Un homme effacé
de Alexandre Postel
3,5/5selon la rédaction
4,1/5 sur Amazon, 81 évaluations, relevé en septembre 2026
Un premier roman maîtrisé sur l’effacement social, la culpabilité et la fragilité des identités ordinaires.
En bref
La vie réglée d’un professeur de philosophie bascule lorsqu’une affaire judiciaire le désigne et l’oblige à se confronter à son passé. Alexandre Postel construit un roman de malaise et de dépossession, entre observation sociale, ironie discrète et atmosphère kafkaïenne.
À propos du livre
Le roman s’intéresse moins au spectaculaire de l’affaire qu’à ses effets progressifs sur un homme jusque-là défini par ses habitudes, son métier et sa place dans la société. À mesure que les certitudes se dérobent, le personnage doit composer avec le regard des autres, les mécanismes administratifs et la difficulté de faire entendre une vérité individuelle. Le titre résume cette tension : l’effacement est à la fois une menace sociale, une perte d’identité et une manière de disparaître aux yeux de ceux qui entourent le protagoniste.
La construction repose sur un dérèglement graduel du quotidien. Le récit part d’une situation réaliste, presque banale, puis installe une inquiétude qui gagne les gestes, les relations et les espaces familiers. La prose d’Alexandre Postel reste sobre et précise, avec une ironie qui évite au livre de devenir purement démonstratif. Cette retenue renforce la sensation d’absurdité : les événements paraissent d’autant plus déstabilisants que le langage demeure contrôlé et que le personnage tente de leur appliquer une logique rationnelle.

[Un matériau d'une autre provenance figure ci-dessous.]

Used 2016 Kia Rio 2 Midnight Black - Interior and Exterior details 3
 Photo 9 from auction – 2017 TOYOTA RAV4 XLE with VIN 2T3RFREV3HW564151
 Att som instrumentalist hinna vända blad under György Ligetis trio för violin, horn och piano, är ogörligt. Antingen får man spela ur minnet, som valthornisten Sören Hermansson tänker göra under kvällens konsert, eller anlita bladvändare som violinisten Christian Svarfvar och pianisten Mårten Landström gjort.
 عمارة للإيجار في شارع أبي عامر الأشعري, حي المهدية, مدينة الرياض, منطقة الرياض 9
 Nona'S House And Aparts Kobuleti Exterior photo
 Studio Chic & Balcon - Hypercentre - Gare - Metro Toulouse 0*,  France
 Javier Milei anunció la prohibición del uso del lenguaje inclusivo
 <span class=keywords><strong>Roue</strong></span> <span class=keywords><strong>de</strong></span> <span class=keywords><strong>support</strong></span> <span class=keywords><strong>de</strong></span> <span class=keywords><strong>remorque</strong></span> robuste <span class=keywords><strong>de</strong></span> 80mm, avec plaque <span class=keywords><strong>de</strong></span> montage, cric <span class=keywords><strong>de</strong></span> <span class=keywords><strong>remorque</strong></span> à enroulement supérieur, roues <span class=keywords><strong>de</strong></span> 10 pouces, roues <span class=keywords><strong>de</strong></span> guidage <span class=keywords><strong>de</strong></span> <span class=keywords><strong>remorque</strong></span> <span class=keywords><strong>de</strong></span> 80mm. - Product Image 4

Ce premier roman s’inscrit dans une tradition française du récit de désajustement, où l’individu ordinaire se trouve pris dans des procédures et des interprétations qui le dépassent. Sa dimension philosophique ne passe pas par de longues dissertations, mais par une situation qui met à l’épreuve les notions de responsabilité, de réputation et de vérité. Récompensé par le prix Goncourt du premier roman en 2013, le livre a retenu l’attention par sa maîtrise formelle et par une manière personnelle de renouveler le roman psychologique et judiciaire, sans chercher l’effet de manche.
Pour qui
À lire si
- Aux lecteurs qui apprécient les romans psychologiques où une existence ordinaire se fissure sous la pression du regard social et des institutions.
- À ceux qui aiment les récits sobres, ironiques et légèrement kafkaïens, davantage fondés sur le malaise que sur l’action.
- Aux lecteurs intéressés par les questions d’identité, de culpabilité et de responsabilité, traitées à travers une intrigue romanesque.
À éviter si
- Les lecteurs qui attendent un thriller judiciaire rythmé risquent de trouver l’intrigue trop lente et l’analyse des comportements trop présente.
- Ceux qui recherchent des personnages très expansifs ou une forte charge émotionnelle peuvent rester à distance devant la retenue du style.
Forces et limites
Ce qui fonctionne
- La déstabilisation progressive d’une vie ordinaire est menée avec une réelle cohérence psychologique.
- La prose précise et retenue installe une inquiétude durable sans recourir à la surenchère dramatique.
- Le roman articule efficacement intrigue judiciaire, critique sociale et réflexion sur l’identité.
Ce qui coince
- La sobriété du récit peut produire une certaine froideur et limiter l’attachement affectif au personnage.
- La mécanique de l’effacement, très maîtrisée, laisse parfois moins de place à la complexité des personnages secondaires.
Fiche technique
- Auteur
- Alexandre Postel
- Éditeur
- Gallimard, collection Folio
- Parution
- 2013
- Format
- Poche
- Prix éditeur
- 8,60 €
- ISBN
- 9782070459551
Par la rédaction de Livres et pensées.